With the doublewrite buffer enabled, the write goes to the ibdata file first, as we can see in the trace - the write to the position at 1M offset in the file. Then the same writes are being spread out to the individual pages in their respective tablefiles.

This ensures that there is always a whole old page and a log entry with intructions to patch the old image (“Redo Log Recovery”) or a whole image of the new page on disk inside the doublewrite buffer, for recovery of torn pages.

Performance Implications

Having a single doublewrite buffer can in extreme cases make the doublewrite buffer a point of contention.
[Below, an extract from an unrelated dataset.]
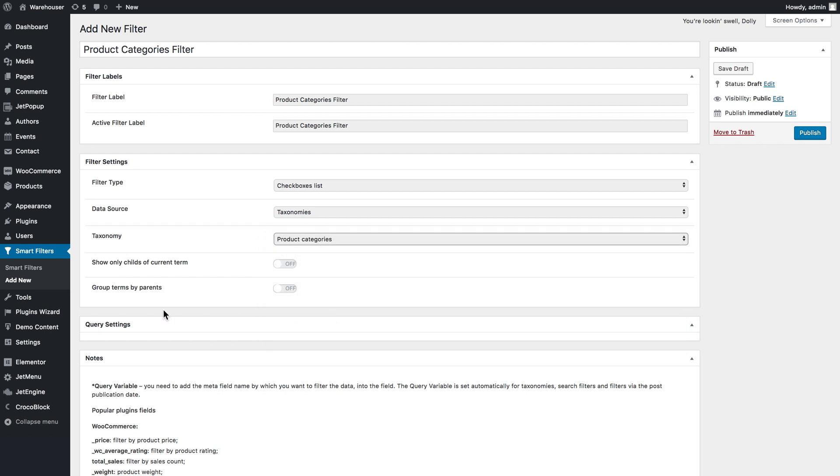If you want the children of the categories to be displayed in the hierarchy according to their parents you'll need to check the group terms by parents option. And we are pretty much done here, let's click publish.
Percona have shown that a long time ago and also fixed this by having multiple doublewrite buffers.

Note that in most Unix filesystems, writes to a single file are serialized on a global lock on the in-memory inode of the file.
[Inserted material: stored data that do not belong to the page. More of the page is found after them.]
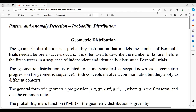Greetings to all. In the previous lecture, we discussed about Poisson distribution. In this lecture, we are going to discuss about one of the most important distributions in probability and statistics — geometric distribution — which also plays a key role in pattern and anomaly detection.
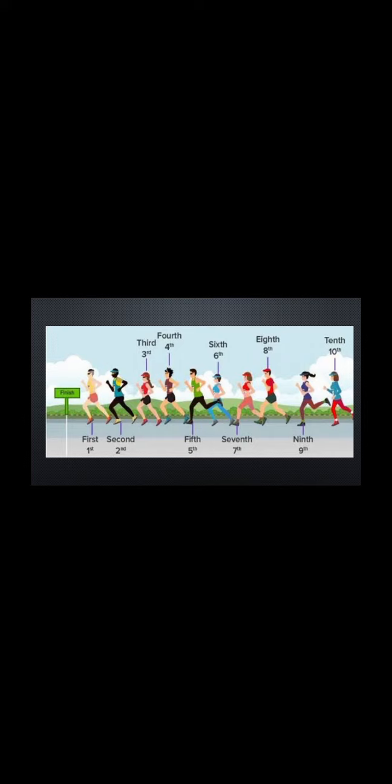Here we used to describe the position of an object. Numbers used to describe the position of an object are called ordinal numbers.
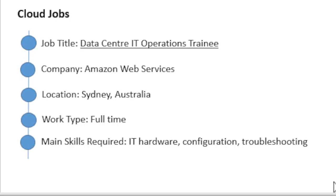This job is for data center IT operations trainee at AWS in Sydney. Launched in 2006, Amazon Web Services began exposing key infrastructure services to businesses in the form of web services, now widely known as cloud computing.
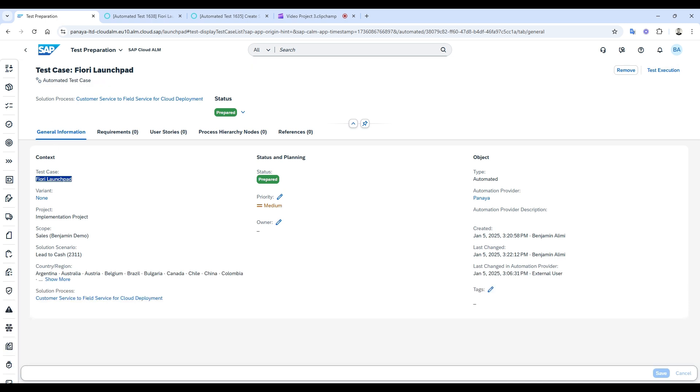The same goes for data sets. Click the variant name, and you'll be automatically directed to the Panaya data sets tab.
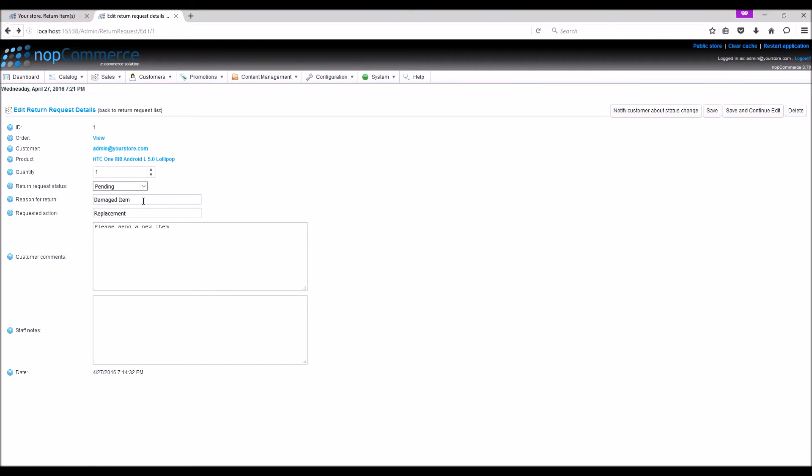And here we can see the options that were selected by the customer. Here we can edit the return reason, the action, or even the customer comments as needed. The return request ID, product, and date fields are read-only and cannot be edited.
So if the doublewrite buffer is part of the ibdata file all writes to that buffer compete with all other write operations on that file. And even if you had multiple doublewrite buffers at different offsets in the same ibdata file, it would not improve things at all, because of that lock. The best solution would put each doublewrite buffer into a separate file on its own.
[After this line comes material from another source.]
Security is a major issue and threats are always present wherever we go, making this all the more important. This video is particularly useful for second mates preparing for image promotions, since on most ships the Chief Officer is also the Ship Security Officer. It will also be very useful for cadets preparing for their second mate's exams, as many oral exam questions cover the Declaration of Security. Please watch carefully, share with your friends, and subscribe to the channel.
The only filesystem in Linux that does not do this in-memory inode locking is XFS, and only when the file is being opened in O_DIRECT mode.

How are other systems doing it?

Postgres writes a WAL, which is very similar to the redo log that MySQL writes. The main difference is that they write out a full page whenever a page transitions from clean to dirty, and then similar to MySQL write out incremental changes for additional changes to a page already dirty. Using the WAL, you can pick up the full page and all additional incremental changes by simply going through the WAL front to back, and recreate the page that should have been written. MySQL could do the same and get rid of the doublewrite buffer writes, but it does not play well with the concept of the MySQL Redo Log being a ring buffer.

MyRocks, and all other variants of LSM, do never overwrite data. They always append to the latest logfile, and then have a process not entirely unlike the Java multi-generational garbage collection to compact multiple logfiles, throwing away deleted data and writing things back in a more sorted manner. As this rewrites data instead of overwriting data, not only is this safe in the case of unexpected shutdowns, it is also very easy to backup and it is, at least in theory, suitable for object storages as a backing store for the data.